__Exercise directions__
Please write out exactly the lines of the data below from the line holding "HASHIBAMI（ハシバミ" through the line holding "Хорошо что принцы", and leave out the rest.

__Records supplied__
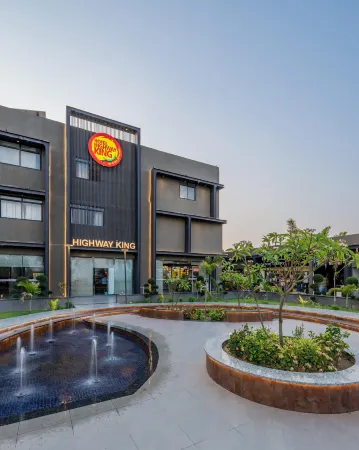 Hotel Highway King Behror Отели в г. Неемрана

--

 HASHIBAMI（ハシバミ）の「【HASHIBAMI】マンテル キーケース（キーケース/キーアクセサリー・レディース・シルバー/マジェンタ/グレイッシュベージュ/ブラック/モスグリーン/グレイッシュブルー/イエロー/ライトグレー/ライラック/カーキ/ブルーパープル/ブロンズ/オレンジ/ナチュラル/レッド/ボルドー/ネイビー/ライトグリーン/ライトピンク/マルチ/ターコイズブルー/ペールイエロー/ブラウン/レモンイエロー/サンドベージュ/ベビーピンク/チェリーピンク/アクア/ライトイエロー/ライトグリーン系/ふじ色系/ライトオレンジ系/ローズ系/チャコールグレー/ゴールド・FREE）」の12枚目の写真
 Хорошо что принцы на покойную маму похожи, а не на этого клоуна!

__Result below__
 HASHIBAMI（ハシバミ）の「【HASHIBAMI】マンテル キーケース（キーケース/キーアクセサリー・レディース・シルバー/マジェンタ/グレイッシュベージュ/ブラック/モスグリーン/グレイッシュブルー/イエロー/ライトグレー/ライラック/カーキ/ブルーパープル/ブロンズ/オレンジ/ナチュラル/レッド/ボルドー/ネイビー/ライトグリーン/ライトピンク/マルチ/ターコイズブルー/ペールイエロー/ブラウン/レモンイエロー/サンドベージュ/ベビーピンク/チェリーピンク/アクア/ライトイエロー/ライトグリーン系/ふじ色系/ライトオレンジ系/ローズ系/チャコールグレー/ゴールド・FREE）」の12枚目の写真
 Хорошо что принцы на покойную маму похожи, а не на этого клоуна!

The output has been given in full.